What Videogames Have To Teach Us About Learning And Literacy
James Paul Gee [2003]

Get the book on Amazon.com.
ISBN: 1-4039-6538-2



In this book, Gee explains how games can affect people and more importantly, how can they learn a great amount of stuff just by playing. Gee created a list of 36 learning principles and a thorough explanation of the cognitive processes involved in each of them, with research facts and personal experiences.

In one of the chapters of the book, Gee accurately explains how, if a game is well done, the gamer can have a special connection with his avatar representation. He uses the game Arcanum as an example. Gee says that in this game, he created a special connection with his female elf avatar so deep that that he transmitted his morals and values into his character to the point that he sometimes felt bad if things didn't turn well, feeling that he had 'let down' the character in the videogame.

This happened because there are three identities that work together when someone plays a game like this:
  • A virtual identity (one's identity as a virtual character in the game's world).
  • A real world identity (the non-virtual person playing the game).
  • A projective identity (the projection of one's values and desires into the virtual character).

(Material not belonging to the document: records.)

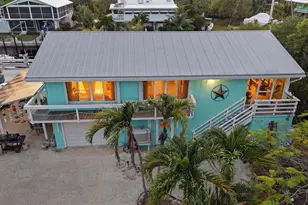 1934 No Name Dr, Lower Sugarloaf Key, FL 33043 - Photo 41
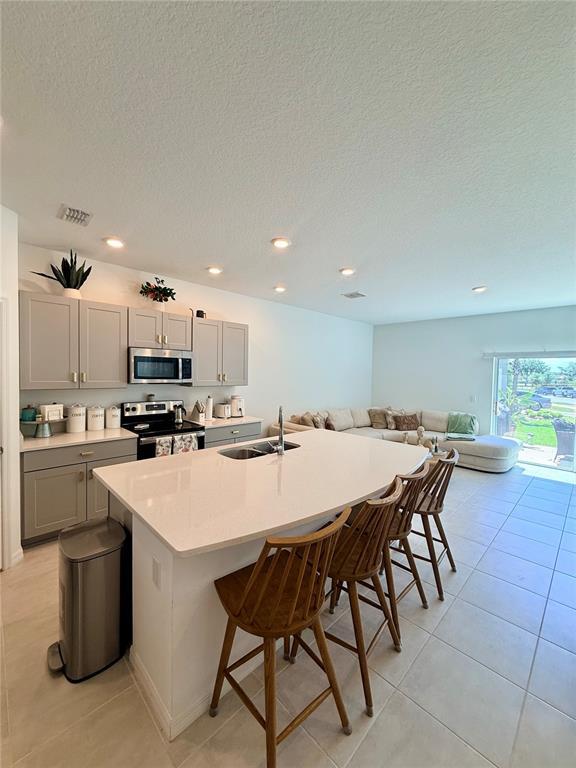 Building Photo - 1422 Anchor Bnd Wy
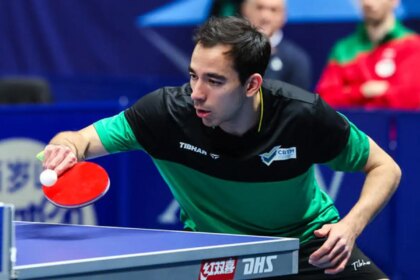 tenis-de-mesa:-brasil-bate-inglaterra-e-avanca-as-quartas-do-mundial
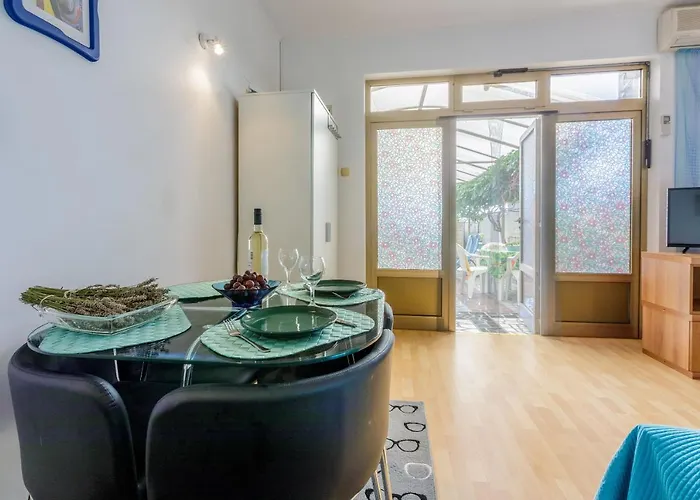 Budzyn *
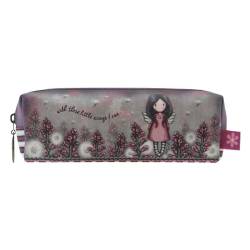 Gorjuss Little Wings Accessory Case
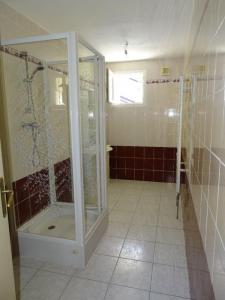 Acheter Maison Vaux-les-saint-claude 178500 euros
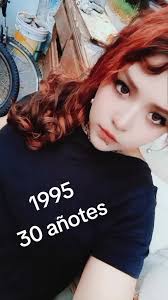 Videos de Yazmin AR (@yazminar1) con “Siempre Seras Mi Novia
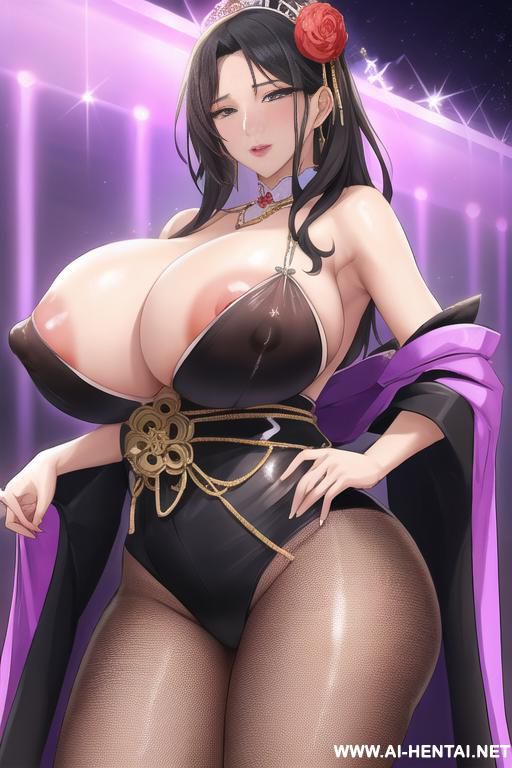https://pics2025.ai-hentai.net/media/gallery/photo/web/11/02/09/13/18/22/www.ai-hentai.net-1528040.jpg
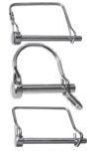 Lock Pins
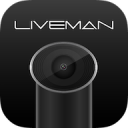 Liveman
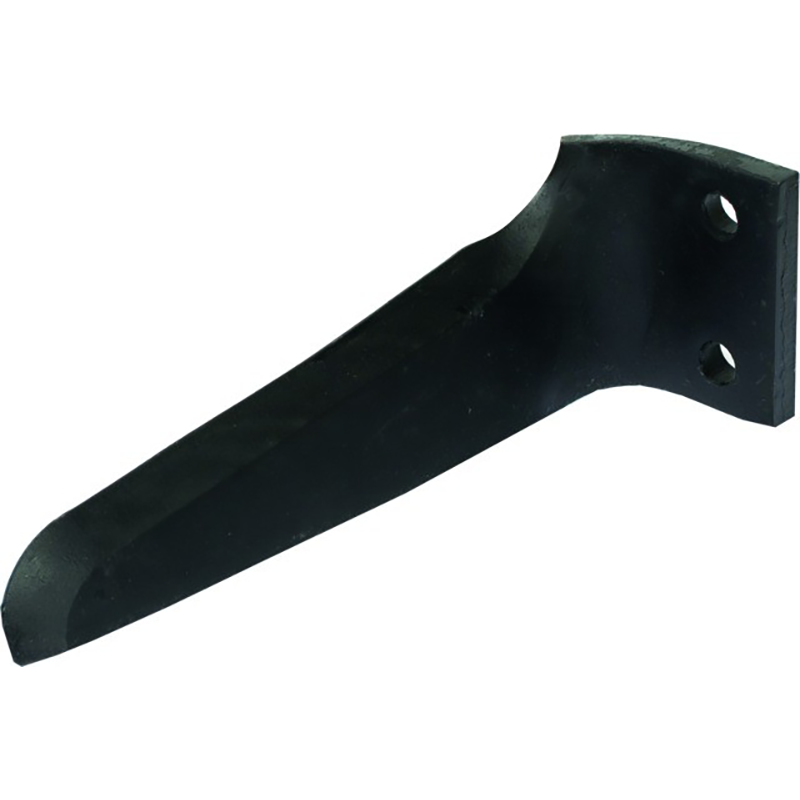 Zinken Nachbau Maschio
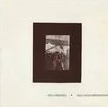 Zzzzz 1715526592screenshot 2024 02 18 130318 — ULTIMATE /MU/ CORE ALBUMS (2000 albums) option 1515
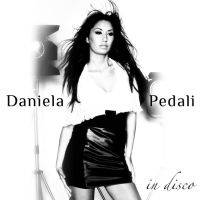 album Daniela Pedali, In Disco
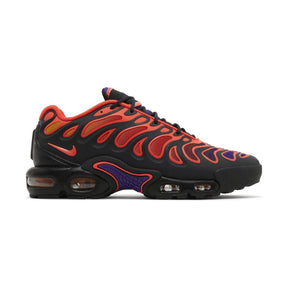 Air Max Plus Drift "All Day"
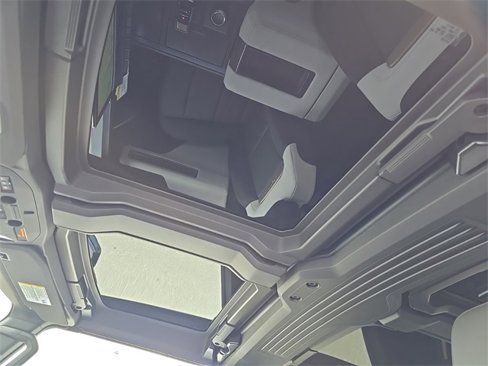 New 2025 GMC Hummer EV 3X image 20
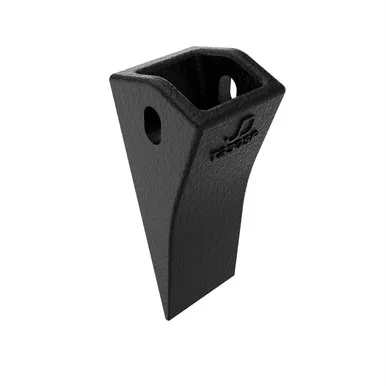 Tf400 fanggs বালতি দাঁত হেনসলে 400 সিরিজ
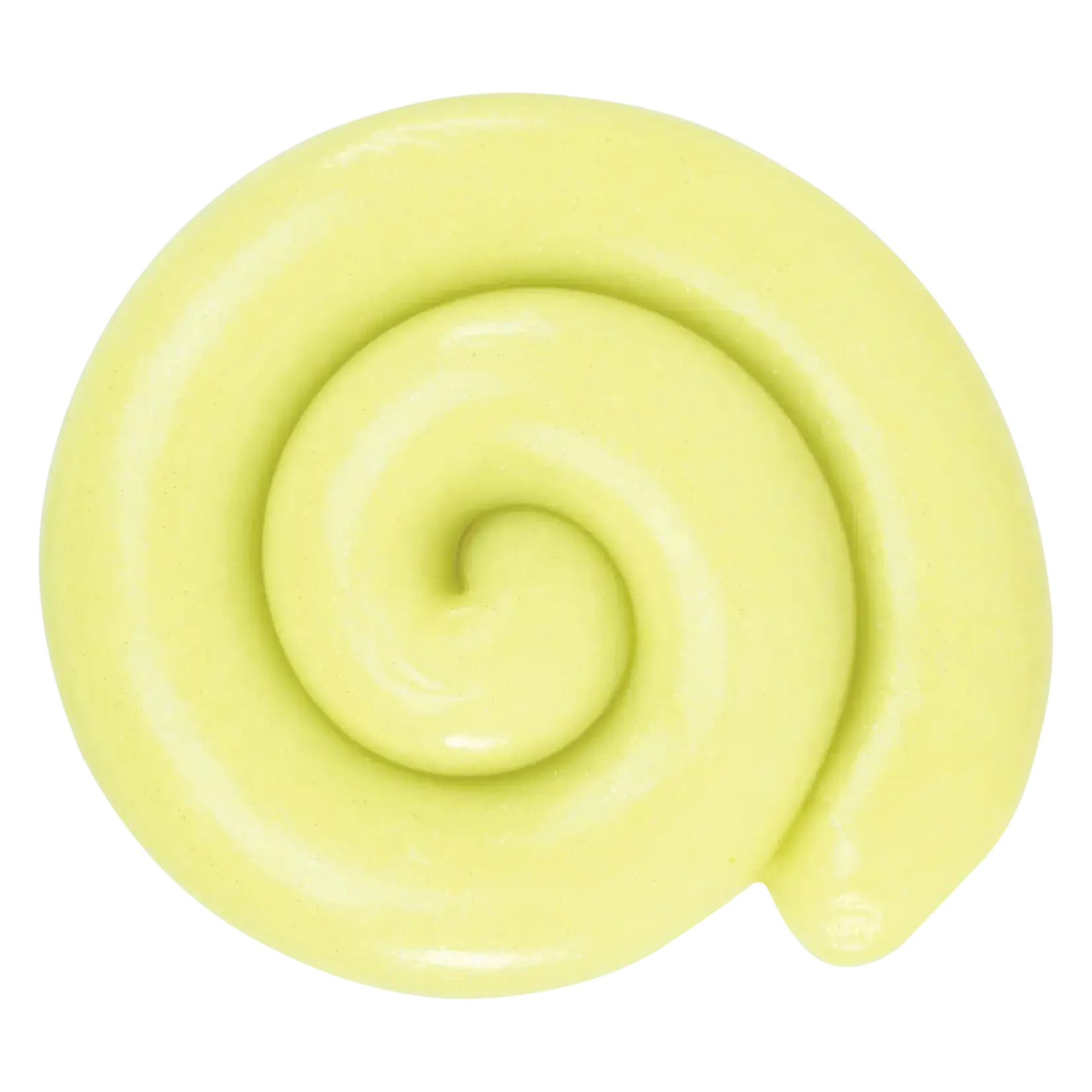 Crazy Aaron's Thinking Putty Goodnight Cactus Thinking Putty TIn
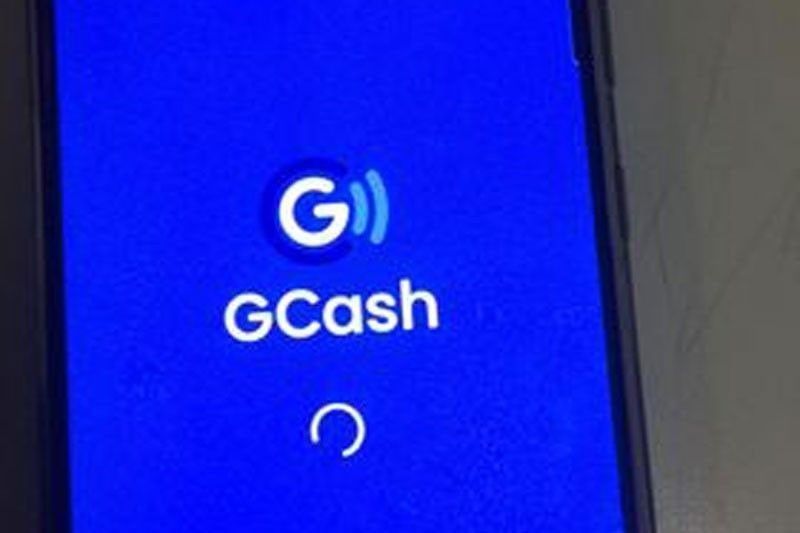 GCash surge to continue this year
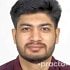 Dr. Tanay Parikh ENT/ Otorhinolaryngologist in Claim_profile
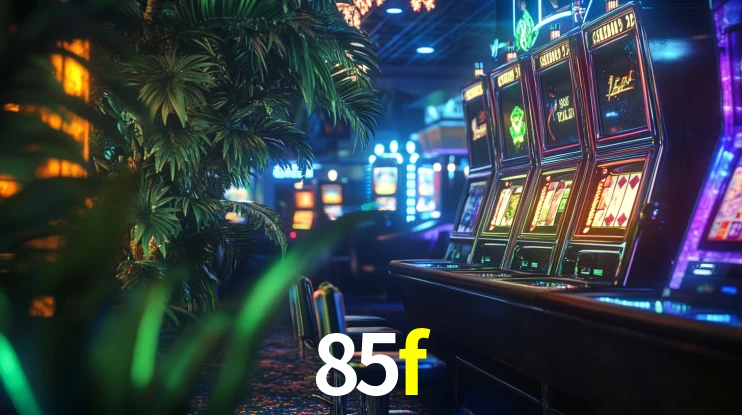 Programa VIP 85f
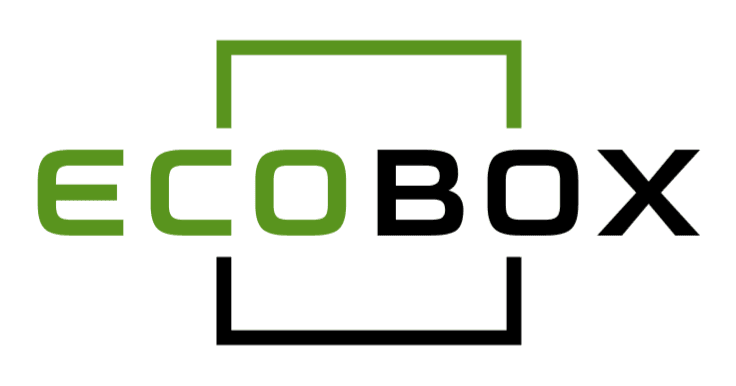EcoBox Dumpsters obtiene acreditación A+ de BBB solo por invitación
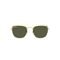 Óculos de Sol Ray-Ban 0RB3857 Sunglass Hut Brasil Ray-Ban - Marca Ray-Ban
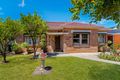 Property photo of 64 Devitt Avenue Payneham South SA 5070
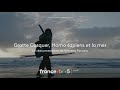 [Bande-annonce] Grotte Cosquer, Homo Sapiens et la mer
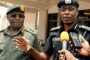 Nigerian Army Gives Own Side of Taraba Shooting, Calls It Distress Call Mishap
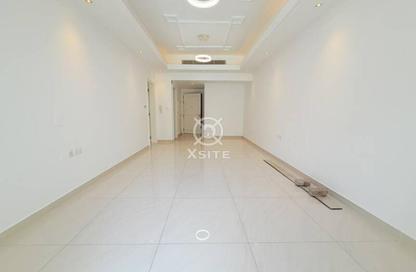 Apartment - 1 - 2 for rent in Vincitore Palacio - Arjan - Dubai Apartment - 1 - 2 for rent in Vincitore Palacio - Arjan - Dubai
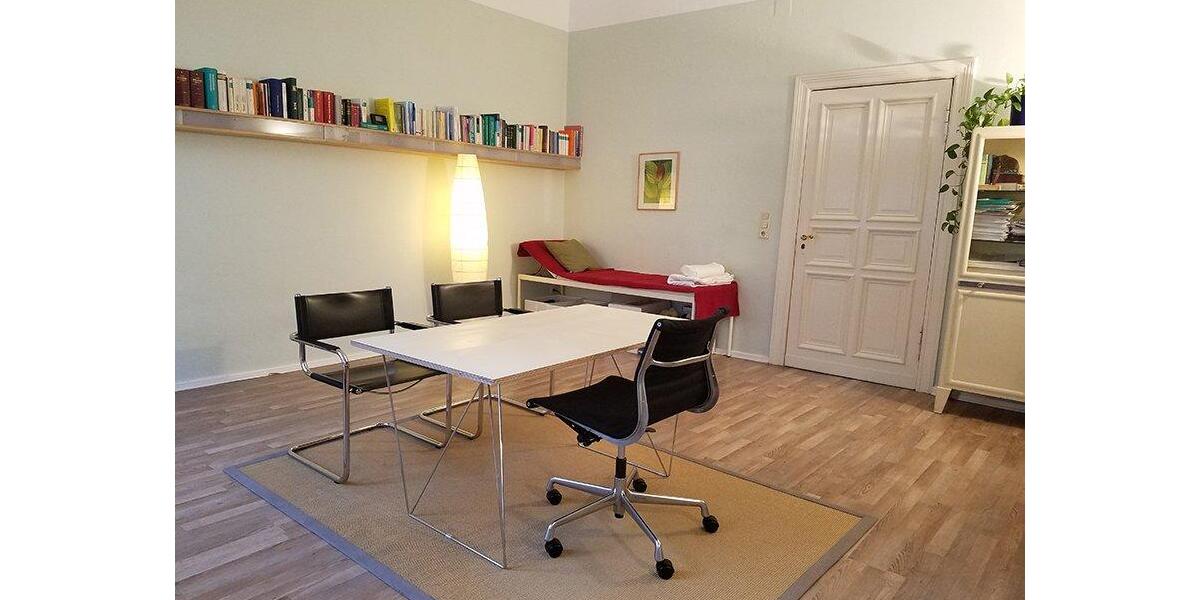 Gewerbeobjekt Berlin Neukölln - 120&euro; | Angebot:26325935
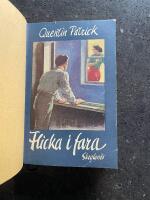 Flicka i Fara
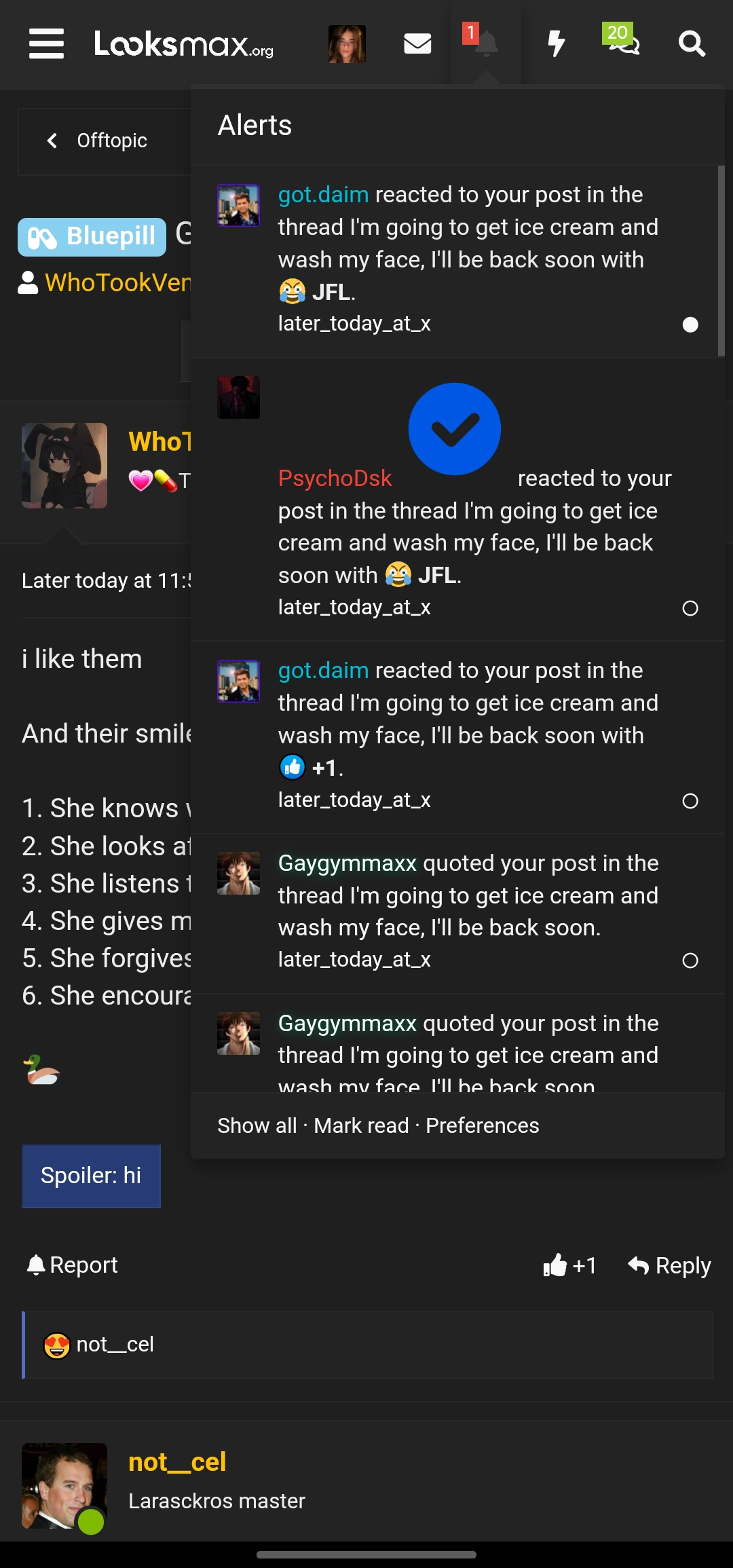 Screenshot 20240815 045412 Gallery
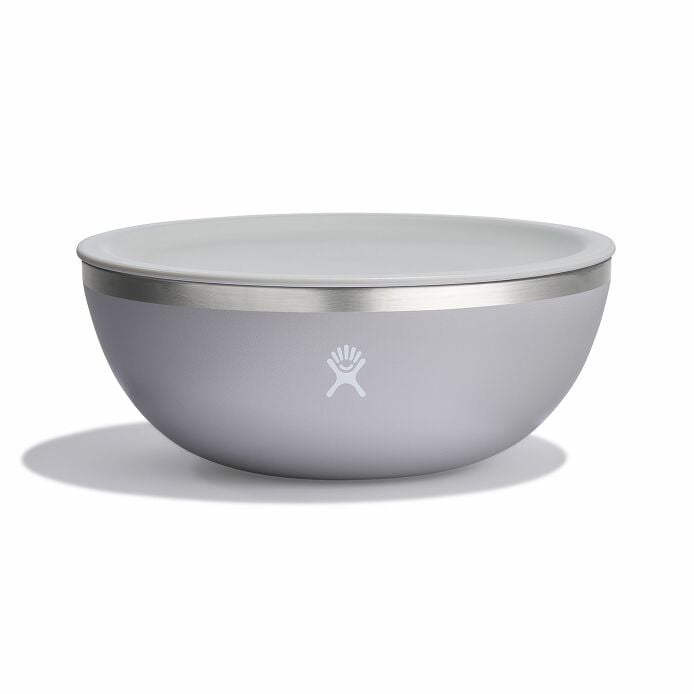 1-qt-bowl-with-lid-k2 OKB1035-Birch-Angled.jpg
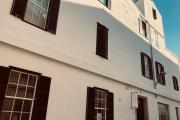 Hotel Hevresac Singular & Small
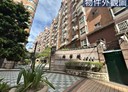 中壢區-中北路二段4房2廳，61.1坪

These identities interact with each other thorught the game and as an example, he says that at any point, any of them can fail:

The virtual character can fail to defeat an enemy because the character was not strong enough to beat it. The real world person can fail to use the game controls effectivly, causing the virtual character to lose a fight that, according to the game's rules, should have won. And the projective identity can fail when the real player causes the virtual player to do something in the game that the real player feels the virtual player shouldn't have done.

Gee explains that this relates to one of the learning principles in his list, the "Identity Principle". This principle says:
"Learning involves taking on and playing with identities in such a way that the learner has real choices and ample opportunity to meditate on the relationship between new identities and old ones."

[This post will be updated if I find more interesting stuff]

Gee, J. P. (2003). What Video Games Have To Teach Us About Learning And Literacy (1st ed.). New York, United States: Palgrave Macmillian.